QUEL PRINTEMPS POUR LES FEMMES ARABES ?
Dans la foulée de la journée internationale de la femme, les femmes du monde arabe se sont mobilisées. Elle ont publié un Appel des femmes arabes pour la dignité et l’égalité. A l’heure où l’on observe un retour marqué des islamistes après l’euphorie printanière des révolutions, c’est plus qu’un signe de réveil, c’est la résolution pour les femmes arabes d’une conquête à entreprendre. Car nous assistons à un double paradoxe. C’est bien au nom de la liberté et des principes démocratiques qu’il y a eu révolution au Maghreb, mais l’arrivée en force de partis d’obédience salafiste manifeste déjà une forme de main-mise contraire. D’autre part, la condition des femmes n’a pas fondamentalement changé alors qu’elles ont été nombreuses, en Tunisie, en Egypte, au Yémen, à être en première ligne du combat pour les droits démocratiques. Ces femmes ont parfois dû endurer des violences sans nom comme en Egypte où, sur la place Tahrir, certaines ont été soumises à des traitements infâmants.

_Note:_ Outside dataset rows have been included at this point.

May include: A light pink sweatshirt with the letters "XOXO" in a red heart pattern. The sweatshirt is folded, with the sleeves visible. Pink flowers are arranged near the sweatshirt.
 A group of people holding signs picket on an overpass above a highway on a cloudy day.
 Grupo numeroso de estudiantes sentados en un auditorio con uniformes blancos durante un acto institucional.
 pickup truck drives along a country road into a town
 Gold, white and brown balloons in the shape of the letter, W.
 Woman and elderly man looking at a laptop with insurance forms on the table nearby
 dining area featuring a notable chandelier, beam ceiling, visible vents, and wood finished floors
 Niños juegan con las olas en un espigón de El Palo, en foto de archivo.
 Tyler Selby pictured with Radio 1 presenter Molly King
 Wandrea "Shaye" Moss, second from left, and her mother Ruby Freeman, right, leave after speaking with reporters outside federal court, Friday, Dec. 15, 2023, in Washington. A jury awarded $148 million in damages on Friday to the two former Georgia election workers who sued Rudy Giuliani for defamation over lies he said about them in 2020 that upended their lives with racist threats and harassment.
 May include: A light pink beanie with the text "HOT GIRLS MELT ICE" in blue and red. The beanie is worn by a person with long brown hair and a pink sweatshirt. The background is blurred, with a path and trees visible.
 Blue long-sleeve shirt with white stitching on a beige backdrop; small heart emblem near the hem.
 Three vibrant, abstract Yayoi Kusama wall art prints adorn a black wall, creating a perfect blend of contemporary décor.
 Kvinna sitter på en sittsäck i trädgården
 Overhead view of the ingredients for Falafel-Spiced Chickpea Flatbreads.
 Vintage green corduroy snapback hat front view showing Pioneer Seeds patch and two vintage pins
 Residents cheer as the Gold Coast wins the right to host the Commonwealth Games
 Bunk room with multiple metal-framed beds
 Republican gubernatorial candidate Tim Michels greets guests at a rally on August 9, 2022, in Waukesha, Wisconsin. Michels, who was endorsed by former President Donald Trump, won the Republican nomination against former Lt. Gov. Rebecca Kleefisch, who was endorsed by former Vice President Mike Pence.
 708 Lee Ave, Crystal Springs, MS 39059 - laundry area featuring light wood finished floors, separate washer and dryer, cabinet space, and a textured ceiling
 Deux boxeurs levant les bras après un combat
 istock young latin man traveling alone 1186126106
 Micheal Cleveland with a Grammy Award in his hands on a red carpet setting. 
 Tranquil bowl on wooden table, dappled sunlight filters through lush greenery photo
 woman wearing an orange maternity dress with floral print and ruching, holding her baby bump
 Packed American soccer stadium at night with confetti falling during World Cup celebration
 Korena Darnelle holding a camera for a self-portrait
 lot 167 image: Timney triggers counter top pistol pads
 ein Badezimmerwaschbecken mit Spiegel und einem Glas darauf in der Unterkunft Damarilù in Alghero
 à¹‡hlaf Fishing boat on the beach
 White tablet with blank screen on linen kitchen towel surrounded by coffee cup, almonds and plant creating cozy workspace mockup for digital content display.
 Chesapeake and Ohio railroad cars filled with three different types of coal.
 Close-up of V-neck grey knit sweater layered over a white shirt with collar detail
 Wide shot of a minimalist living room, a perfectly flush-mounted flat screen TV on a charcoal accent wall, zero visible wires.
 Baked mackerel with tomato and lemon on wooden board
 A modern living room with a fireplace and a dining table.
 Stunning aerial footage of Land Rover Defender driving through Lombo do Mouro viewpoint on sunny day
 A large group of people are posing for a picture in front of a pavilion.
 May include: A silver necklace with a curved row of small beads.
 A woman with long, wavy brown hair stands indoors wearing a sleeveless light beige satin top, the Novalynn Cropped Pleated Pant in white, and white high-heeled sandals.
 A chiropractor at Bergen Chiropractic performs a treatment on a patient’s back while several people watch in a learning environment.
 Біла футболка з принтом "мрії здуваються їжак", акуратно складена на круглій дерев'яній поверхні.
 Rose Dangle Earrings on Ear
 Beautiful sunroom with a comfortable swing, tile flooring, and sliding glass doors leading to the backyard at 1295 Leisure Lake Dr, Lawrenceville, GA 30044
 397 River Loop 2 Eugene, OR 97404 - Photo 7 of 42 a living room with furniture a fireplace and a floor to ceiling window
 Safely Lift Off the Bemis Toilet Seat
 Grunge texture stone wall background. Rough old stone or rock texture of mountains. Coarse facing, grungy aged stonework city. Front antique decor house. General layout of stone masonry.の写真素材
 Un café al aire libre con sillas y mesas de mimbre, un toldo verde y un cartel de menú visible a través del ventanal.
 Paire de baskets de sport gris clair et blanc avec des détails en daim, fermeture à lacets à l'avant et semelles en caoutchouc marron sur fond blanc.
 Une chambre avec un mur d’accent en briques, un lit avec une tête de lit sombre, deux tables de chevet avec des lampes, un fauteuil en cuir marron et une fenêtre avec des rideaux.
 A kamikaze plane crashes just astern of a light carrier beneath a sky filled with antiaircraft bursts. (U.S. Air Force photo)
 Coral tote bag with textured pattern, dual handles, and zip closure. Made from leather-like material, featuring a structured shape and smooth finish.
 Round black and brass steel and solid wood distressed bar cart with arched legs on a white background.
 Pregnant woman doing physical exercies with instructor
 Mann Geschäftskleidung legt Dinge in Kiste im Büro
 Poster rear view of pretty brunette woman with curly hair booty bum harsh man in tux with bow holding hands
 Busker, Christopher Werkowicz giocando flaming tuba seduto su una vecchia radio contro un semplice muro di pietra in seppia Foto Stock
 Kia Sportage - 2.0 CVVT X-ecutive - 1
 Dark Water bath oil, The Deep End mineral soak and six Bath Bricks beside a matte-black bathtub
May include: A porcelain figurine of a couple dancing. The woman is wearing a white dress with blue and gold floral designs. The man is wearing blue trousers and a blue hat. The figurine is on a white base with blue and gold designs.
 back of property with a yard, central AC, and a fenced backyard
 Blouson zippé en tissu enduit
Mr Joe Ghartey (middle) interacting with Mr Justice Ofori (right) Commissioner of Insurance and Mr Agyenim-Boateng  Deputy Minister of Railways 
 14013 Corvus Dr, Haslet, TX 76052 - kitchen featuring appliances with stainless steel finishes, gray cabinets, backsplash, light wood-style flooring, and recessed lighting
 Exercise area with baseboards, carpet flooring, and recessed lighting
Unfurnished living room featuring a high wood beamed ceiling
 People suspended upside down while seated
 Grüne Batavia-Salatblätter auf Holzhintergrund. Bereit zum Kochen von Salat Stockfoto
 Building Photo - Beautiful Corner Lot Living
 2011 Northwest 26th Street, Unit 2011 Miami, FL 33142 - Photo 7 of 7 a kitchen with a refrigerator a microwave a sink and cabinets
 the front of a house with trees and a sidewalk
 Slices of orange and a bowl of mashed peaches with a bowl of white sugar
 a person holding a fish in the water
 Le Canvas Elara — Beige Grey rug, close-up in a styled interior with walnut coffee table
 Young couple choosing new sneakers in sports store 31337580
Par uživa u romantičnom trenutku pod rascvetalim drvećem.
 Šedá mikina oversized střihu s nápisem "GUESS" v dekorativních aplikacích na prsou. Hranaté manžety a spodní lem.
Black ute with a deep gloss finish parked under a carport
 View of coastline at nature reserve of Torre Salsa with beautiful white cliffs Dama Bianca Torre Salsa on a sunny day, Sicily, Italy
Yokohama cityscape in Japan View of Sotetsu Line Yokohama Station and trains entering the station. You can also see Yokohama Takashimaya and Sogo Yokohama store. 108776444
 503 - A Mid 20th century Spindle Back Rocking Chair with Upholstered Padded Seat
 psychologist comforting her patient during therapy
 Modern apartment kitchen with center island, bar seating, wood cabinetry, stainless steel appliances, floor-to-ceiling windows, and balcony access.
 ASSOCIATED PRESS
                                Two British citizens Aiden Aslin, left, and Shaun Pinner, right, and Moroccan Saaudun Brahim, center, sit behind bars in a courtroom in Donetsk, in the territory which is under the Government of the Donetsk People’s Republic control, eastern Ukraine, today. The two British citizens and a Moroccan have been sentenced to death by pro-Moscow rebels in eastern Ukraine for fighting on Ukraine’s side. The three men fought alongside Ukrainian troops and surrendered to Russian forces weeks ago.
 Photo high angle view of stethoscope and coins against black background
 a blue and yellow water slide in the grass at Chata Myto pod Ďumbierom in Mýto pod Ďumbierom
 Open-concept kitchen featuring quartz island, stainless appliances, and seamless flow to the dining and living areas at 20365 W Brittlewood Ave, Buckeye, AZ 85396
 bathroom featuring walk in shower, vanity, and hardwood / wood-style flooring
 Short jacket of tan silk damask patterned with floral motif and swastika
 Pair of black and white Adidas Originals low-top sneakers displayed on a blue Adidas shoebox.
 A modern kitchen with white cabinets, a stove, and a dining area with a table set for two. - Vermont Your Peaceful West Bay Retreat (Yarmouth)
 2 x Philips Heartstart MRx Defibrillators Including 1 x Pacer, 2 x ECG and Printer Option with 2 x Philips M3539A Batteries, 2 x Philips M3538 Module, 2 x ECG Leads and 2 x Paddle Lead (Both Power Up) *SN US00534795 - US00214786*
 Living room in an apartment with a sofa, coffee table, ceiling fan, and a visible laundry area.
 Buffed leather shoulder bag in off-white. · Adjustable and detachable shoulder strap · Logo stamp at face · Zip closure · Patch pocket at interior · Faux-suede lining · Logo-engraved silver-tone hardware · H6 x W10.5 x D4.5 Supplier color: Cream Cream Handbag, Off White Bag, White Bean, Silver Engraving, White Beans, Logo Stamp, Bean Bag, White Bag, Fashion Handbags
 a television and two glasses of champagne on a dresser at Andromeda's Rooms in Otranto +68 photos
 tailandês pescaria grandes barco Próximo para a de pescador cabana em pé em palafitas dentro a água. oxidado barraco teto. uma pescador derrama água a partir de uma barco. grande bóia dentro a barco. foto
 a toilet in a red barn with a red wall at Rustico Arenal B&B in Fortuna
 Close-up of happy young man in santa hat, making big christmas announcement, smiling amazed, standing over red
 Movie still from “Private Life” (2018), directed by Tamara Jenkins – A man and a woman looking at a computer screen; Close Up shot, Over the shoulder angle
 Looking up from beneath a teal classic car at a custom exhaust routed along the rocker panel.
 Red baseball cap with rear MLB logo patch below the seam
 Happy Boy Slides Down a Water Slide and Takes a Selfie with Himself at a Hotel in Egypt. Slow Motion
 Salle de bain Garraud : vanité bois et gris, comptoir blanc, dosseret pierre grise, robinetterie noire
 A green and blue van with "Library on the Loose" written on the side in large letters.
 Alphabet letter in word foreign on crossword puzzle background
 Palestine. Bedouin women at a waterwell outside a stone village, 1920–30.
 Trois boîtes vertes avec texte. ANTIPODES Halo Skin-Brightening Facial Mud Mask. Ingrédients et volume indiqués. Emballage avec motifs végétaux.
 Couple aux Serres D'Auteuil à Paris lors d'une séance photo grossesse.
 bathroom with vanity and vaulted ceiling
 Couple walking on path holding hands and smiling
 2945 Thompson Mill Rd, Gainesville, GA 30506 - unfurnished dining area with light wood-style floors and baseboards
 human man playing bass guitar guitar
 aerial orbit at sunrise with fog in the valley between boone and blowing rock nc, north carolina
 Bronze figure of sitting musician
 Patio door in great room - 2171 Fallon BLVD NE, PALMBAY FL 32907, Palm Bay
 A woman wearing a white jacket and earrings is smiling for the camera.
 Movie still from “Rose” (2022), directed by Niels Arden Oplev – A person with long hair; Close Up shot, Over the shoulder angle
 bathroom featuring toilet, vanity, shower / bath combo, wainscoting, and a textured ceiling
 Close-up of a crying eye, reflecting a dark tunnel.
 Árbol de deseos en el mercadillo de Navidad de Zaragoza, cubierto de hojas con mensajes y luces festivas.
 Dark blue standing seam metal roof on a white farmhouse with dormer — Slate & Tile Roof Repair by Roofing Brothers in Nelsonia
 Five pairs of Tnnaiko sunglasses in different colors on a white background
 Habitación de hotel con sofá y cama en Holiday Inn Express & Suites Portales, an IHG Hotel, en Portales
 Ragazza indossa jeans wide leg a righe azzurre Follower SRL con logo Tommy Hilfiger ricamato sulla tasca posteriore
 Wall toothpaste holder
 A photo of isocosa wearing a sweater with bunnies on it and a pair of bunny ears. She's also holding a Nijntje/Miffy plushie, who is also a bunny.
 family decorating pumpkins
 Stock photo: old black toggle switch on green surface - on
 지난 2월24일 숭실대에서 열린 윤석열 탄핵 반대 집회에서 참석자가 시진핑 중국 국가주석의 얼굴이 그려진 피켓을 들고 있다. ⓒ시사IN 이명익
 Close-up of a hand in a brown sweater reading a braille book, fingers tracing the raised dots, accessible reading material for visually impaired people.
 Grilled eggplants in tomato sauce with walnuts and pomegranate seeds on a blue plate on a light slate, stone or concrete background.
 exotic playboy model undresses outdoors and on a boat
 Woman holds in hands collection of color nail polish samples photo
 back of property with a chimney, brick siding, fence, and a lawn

Pour comprendre l’urgence et l’importance de l’Appel des femmes arabes, il faut se rappeler ceci : une Convention sur l’élimination de toutes les formes de discrimination à l’égard des femmes a bel et bien été adopté en 1979 par l’ONU, mais les ratifications signées par la majorité des pays arabes sont restées sans impact réel sur leur statut. Pour une raison majeure : le référentiel religieux de l’islam est toujours et de fait incompatible avec les principes démocratiques. Ce sont des dignitaires religieux, c’est-à-dire des hommes qui en décident au profit des hommes. Ce discours idéologique cantonne donc systématiquement les femmes dans l’espace privé de la famille. Il dissout de facto leurs droits et libertés publiques. Au Maroc par exemple, pays pourtant jugé assez modéré, on admet que l’âge légal des femmes soit aligné sur celui de l’homme, soit 18 ans, mais le mariage des filles de 12-13 ans persiste sous l’égide exclusif du père, et la polygamie, si elle est interdite « lorsqu’une injustice est à craindre entre les épouses », ne l’est pas si le mari la justifie. Autant dire qu’en ces cas la femme n’a aucune chance de faire valoir ses droits. Il en est de même pour le divorce ou la tutelle sur les enfants. Certains pays arabes laissent par ailleurs ce qu’on appelle « les crimes d’honneur » totalement impunis, tolérant de fait à la parentèle masculine, père, frères, oncles, de tuer des filles qui ont été abusées sous prétexte que leur viol souille l’honneur du clan.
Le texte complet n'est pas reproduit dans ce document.